When it comes to achieving the dream of homeownership, U.S. veterans and active-duty military personnel have an advantage in the form of VA loans. A VA loan (where the VA stands for Veterans Affairs) is a specialized mortgage program guaranteed by the U.S. Department of Veterans Affairs and offered by private lenders like banks, credit unions, and mortgage companies.
This unique loan option has played a vital role in helping veterans transition to civilian life after their service in World War II. These resources are available to qualified individuals as mentioned before and, unlike traditional mortgages, VA loans do not require a down payment, which can significantly reduce the financial burden on eligible borrowers. The U.S. Department of Veterans Affairs guarantees a portion of the loan, making it possible for lenders to offer competitive interest rates and favorable terms.
How does a VA home loan work and who qualifies
The government VA guarantee means that the government will pay the lender a part of the VA loan if the borrower fails to make the payments due to different circumstances. This guarantee not only reduces the risk for lenders but also offers favorable conditions so that loans are more accessible and applicants have peace of mind.
Eligibility is granted to those who have served the country faithfully for at least 90 consecutive days during wartime or 181 days during peacetime, along with National Guard members and reservists with six years of service. With flexible requirements and the potential to finance up to 100% of a property’s value, VA loans pave the way to brighter futures and cherished homes for our American heroes.
If you are the surviving spouse of a veteran who passed away while in service or due to a service-connected disability, and you have not remarried, you may be eligible for certain benefits.

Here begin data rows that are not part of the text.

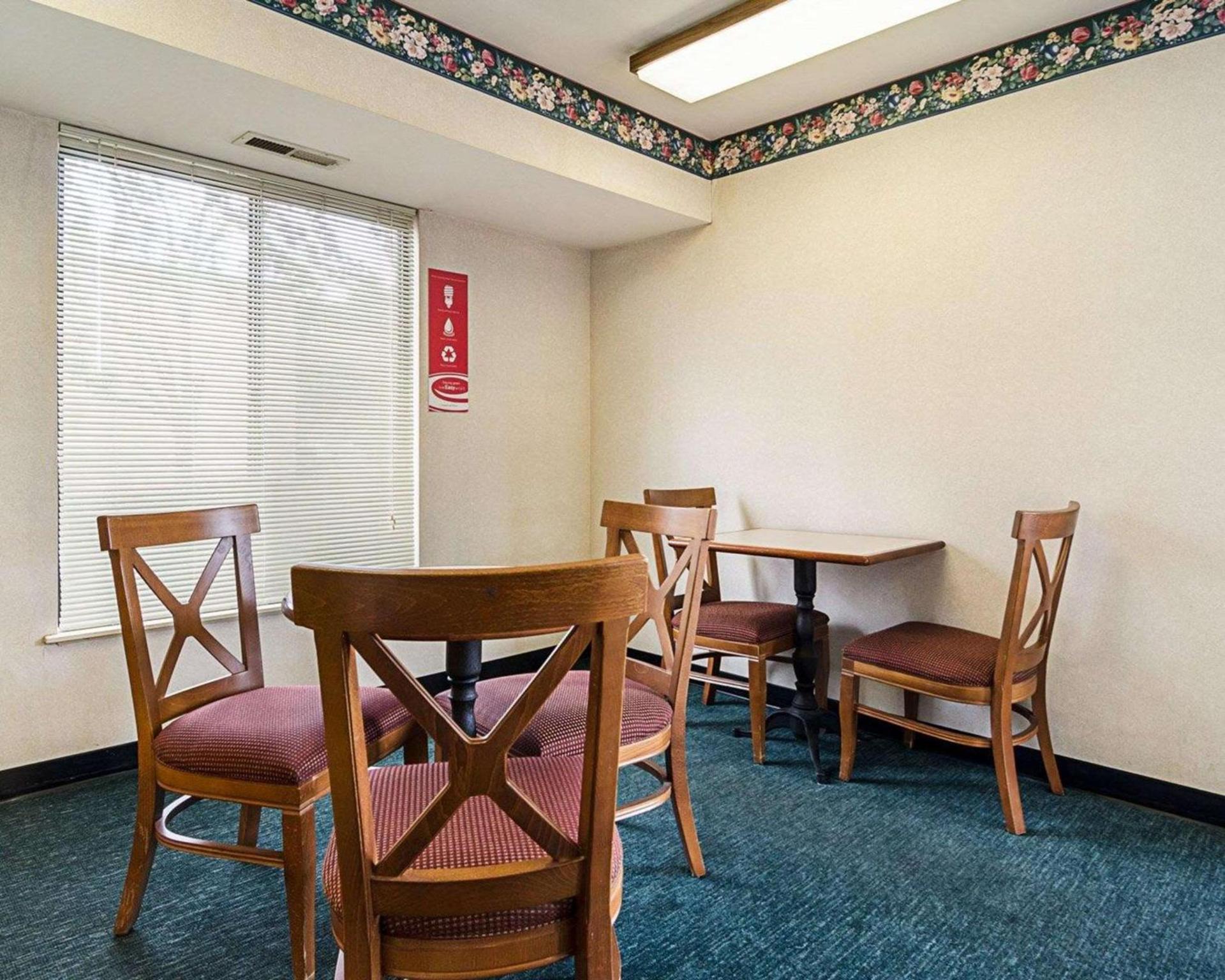 Econo Lodge Richmond North photo 8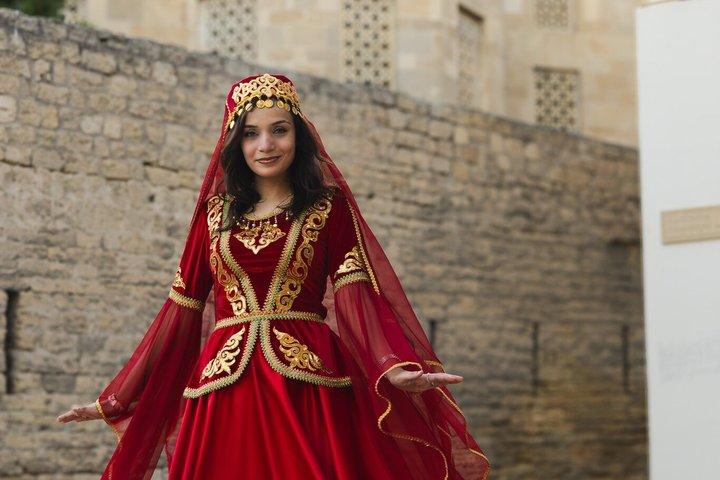 バクー：アゼルバイジャンのドレスで旧市街文化写真撮影
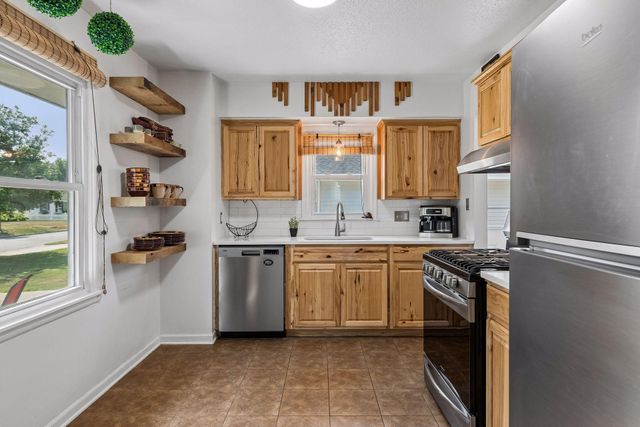 2704 Alabama Avenue S, Saint Louis Park, MN 55416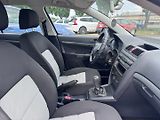 Škoda Octavia (2007) 1,6i MPI 75 KW KOLA SK STK - náhled 35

Additionally, if you remarried after reaching the age of 57 or after December 16, 2003, you could still be eligible for these benefits. Spouses of service members who are missing in action or held as prisoners of war are also eligible.
In some cases, you may still qualify for benefits even if you do not meet the length-of-service requirements, particularly if you were discharged due to a service-related disability. For more specific information, it is advisable to check with the Department of Veterans Affairs (VA).
How are VA loans payments calculated
VA loans are calculated taking into account various variables. For example, the price of the house, the down payment, the term of the loan, the percentage of interest, and the applicant’s military circumstances. Let’s prepare an example to get an idea of, more or less, how much a VA loan could cost you. Let’s start with a house that has a sales value of $250,000, and you’re going to make a 20% down payment, that’s about $50,000.
Let’s add a hypothetical interest rate of 6.22, with an annual real estate tax of about $5,000, and a homeowner’s insurance for an annual value of $2,000. The fixed term is 30-year, and the requester is either a veteran or an on-duty active member, the US Bank says with its VA loan calculator that the estimated first month payment is around $1,826. From that amount, 68% ($1,243) goes to the principal and interest amounts, and 32% ($583) is for taxes and insurances.
Afterward, the amount will go down to $1,243: by the 10th year, it will break down like this: $358 to the amount owed, and $885 to the interests. By the 20th year, $665 will go to the principal account and $578 to the interests. And by the 30th year of the loan, $1,236 will pay the principal owed amount and only $6 to the interests.